What you have to do:
Below this line are records; write out exactly the lines from the one containing "Louis Vuitton Keepall" through the one containing "Ring Light with Overhead", with the pictures left out.

Material provided:

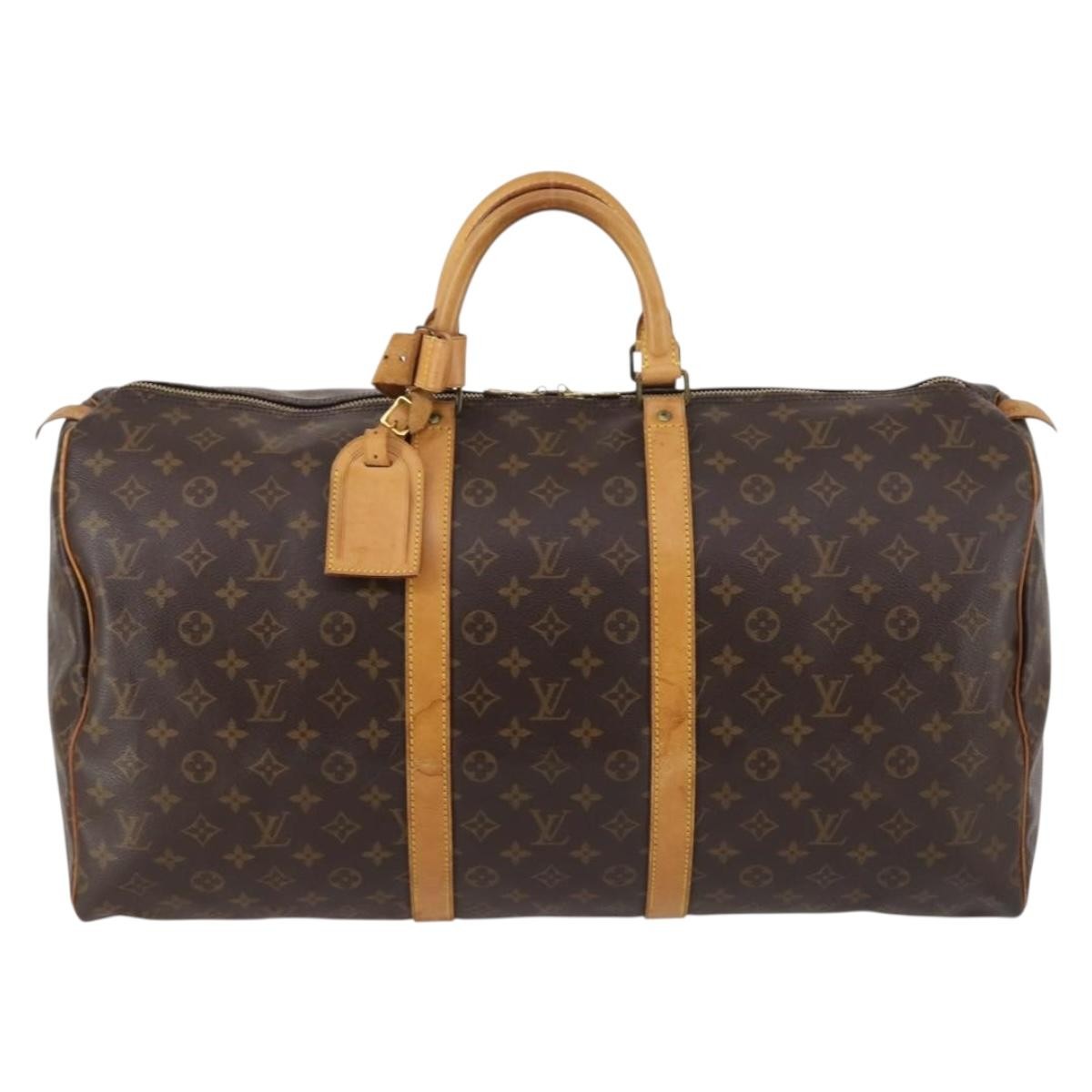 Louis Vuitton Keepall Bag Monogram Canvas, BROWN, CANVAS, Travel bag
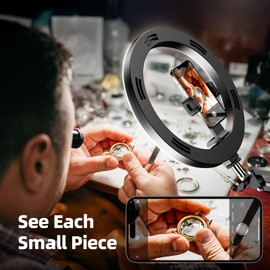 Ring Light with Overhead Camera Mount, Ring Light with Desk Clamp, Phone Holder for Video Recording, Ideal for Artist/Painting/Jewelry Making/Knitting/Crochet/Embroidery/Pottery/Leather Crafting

---

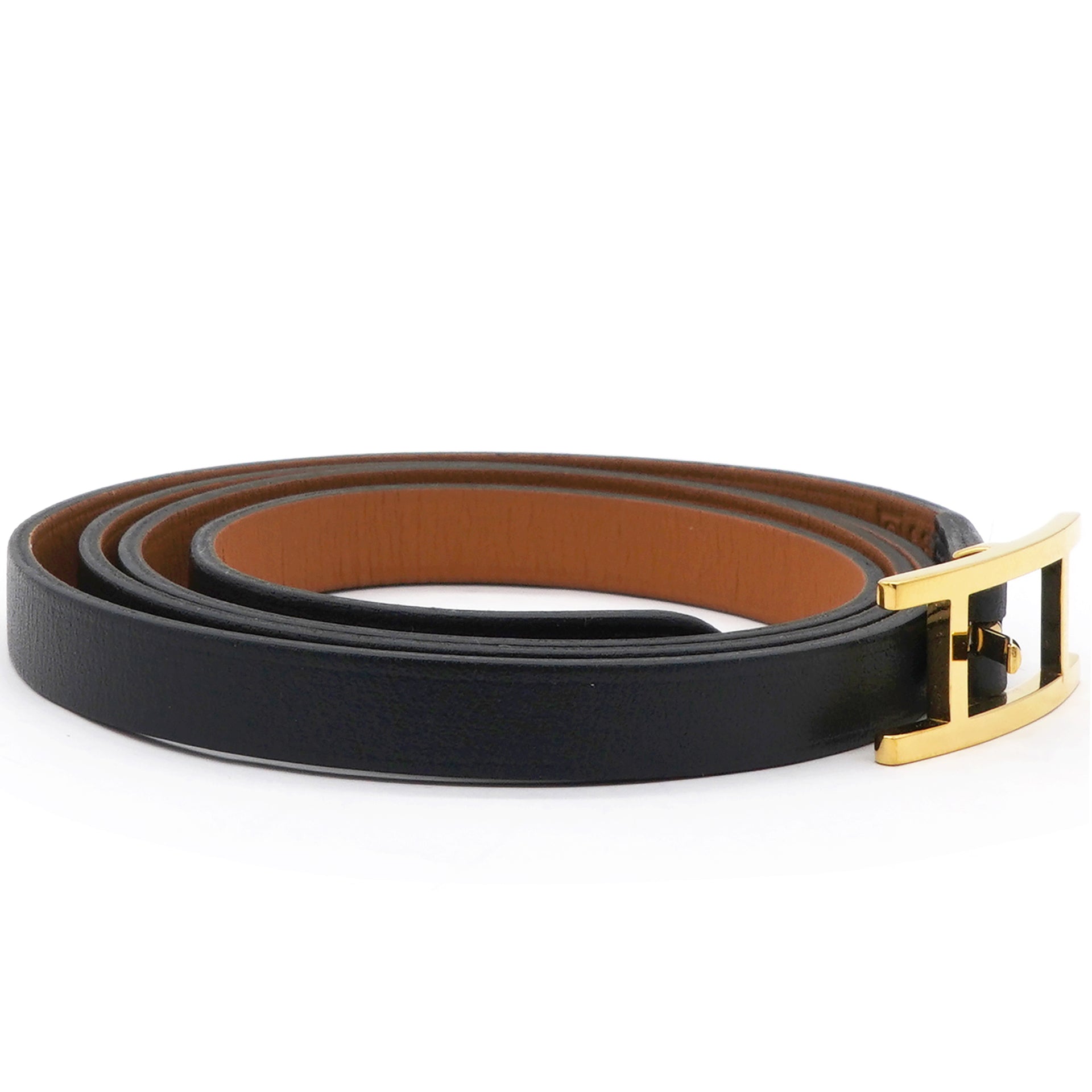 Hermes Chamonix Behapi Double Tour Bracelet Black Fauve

Written reply:
 Louis Vuitton Keepall Bag Monogram Canvas, BROWN, CANVAS, Travel bag
 Ring Light with Overhead Camera Mount, Ring Light with Desk Clamp, Phone Holder for Video Recording, Ideal for Artist/Painting/Jewelry Making/Knitting/Crochet/Embroidery/Pottery/Leather Crafting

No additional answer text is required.